Le signe du Lion
1959年、仏
監督:エリック・ロメール
出演:ジェス・ハーン
ヴァン・ドード
ジャン=リュック・ゴダール
自称音楽家のピエールは、40歳間近になっても音楽で身をたてることもできず、自堕落な日々をおくる男。映画は彼に伯母の莫大な遺産が転がり込んできたことを知らせる電報から始まる。ピエールは自分の星座である獅子座の強運に感謝し、友人を呼んで一晩中どんちゃん騒ぎを繰り広げる。ところが電報は誤報、アパートメントも追い出されていたピエールは一夜にして住むところもない文無しになってしまう。おりしもパリはバカンスの真っ最中。金持の友人たちはみなバカンスにでかけて、助けを求める相手が誰もいない――。

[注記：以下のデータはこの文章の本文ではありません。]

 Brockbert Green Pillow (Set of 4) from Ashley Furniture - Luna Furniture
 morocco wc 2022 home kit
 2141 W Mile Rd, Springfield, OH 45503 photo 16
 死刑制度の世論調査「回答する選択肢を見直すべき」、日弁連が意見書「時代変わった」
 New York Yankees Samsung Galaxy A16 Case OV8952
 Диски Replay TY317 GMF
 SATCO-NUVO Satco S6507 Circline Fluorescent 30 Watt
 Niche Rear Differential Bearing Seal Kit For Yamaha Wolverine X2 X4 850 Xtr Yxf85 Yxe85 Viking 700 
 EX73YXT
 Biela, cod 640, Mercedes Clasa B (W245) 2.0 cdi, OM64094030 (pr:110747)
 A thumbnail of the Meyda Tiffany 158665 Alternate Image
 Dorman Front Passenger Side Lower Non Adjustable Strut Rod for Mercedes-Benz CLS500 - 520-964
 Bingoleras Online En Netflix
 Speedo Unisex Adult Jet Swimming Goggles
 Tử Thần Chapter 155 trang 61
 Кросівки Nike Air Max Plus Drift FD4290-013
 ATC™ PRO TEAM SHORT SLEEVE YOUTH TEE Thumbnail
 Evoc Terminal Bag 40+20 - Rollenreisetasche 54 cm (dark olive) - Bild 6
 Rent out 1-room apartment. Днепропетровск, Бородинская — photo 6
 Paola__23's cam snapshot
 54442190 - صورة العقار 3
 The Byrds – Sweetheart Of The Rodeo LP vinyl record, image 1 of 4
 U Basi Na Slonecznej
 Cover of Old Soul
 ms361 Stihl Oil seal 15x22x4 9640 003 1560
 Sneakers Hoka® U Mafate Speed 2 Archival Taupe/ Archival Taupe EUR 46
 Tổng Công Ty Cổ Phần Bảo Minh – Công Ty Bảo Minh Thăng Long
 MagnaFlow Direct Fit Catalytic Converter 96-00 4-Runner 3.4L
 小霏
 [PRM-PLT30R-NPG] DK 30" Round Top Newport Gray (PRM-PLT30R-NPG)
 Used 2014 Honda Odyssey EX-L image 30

この映画、ストーリーは特別すごいものとは思わないけど、文無しになってからのピエールの落ちぶれようを執拗に撮っていく様がすごい。執拗、としかいいようがないような気がする。彼は友人の助けを求めてパリ中を歩き回る。服は汚れ靴底は外れ、空腹のあまり万引きしては殴られて散々な目にあう。多少自堕落であってもそれまで普通の都会人であったピエールが、あっという間に都市の底辺へ転落していく。住むところがなく、ホテルにも泊まれず、電車やバスにものれず、市場やお店で売られる商品も彼の手にはとどかず、友人の家を尋ねても門前払いをくらわされる。
むしろ真の主人公はパリという大都会であって、ピエールが仲間とどんちゃん騒ぎをしていた頃にみせていた快楽と喧騒の街たる相貌と、彼が乞食へと転落していく過程でみせる「無関心」という都市の冷酷さの相貌の対照が、とにかく強烈である。最後のどんでん返しも観るものを安堵させるような類のものではなく、その意味でも、この映画の対象に対する突き放し方はかなりシニックだ。
ふと思ったけど、カラックスの『ポーラX』の主人公ピエールがパリの街を彷徨する様子は、この映画が元ネタなんだろうか。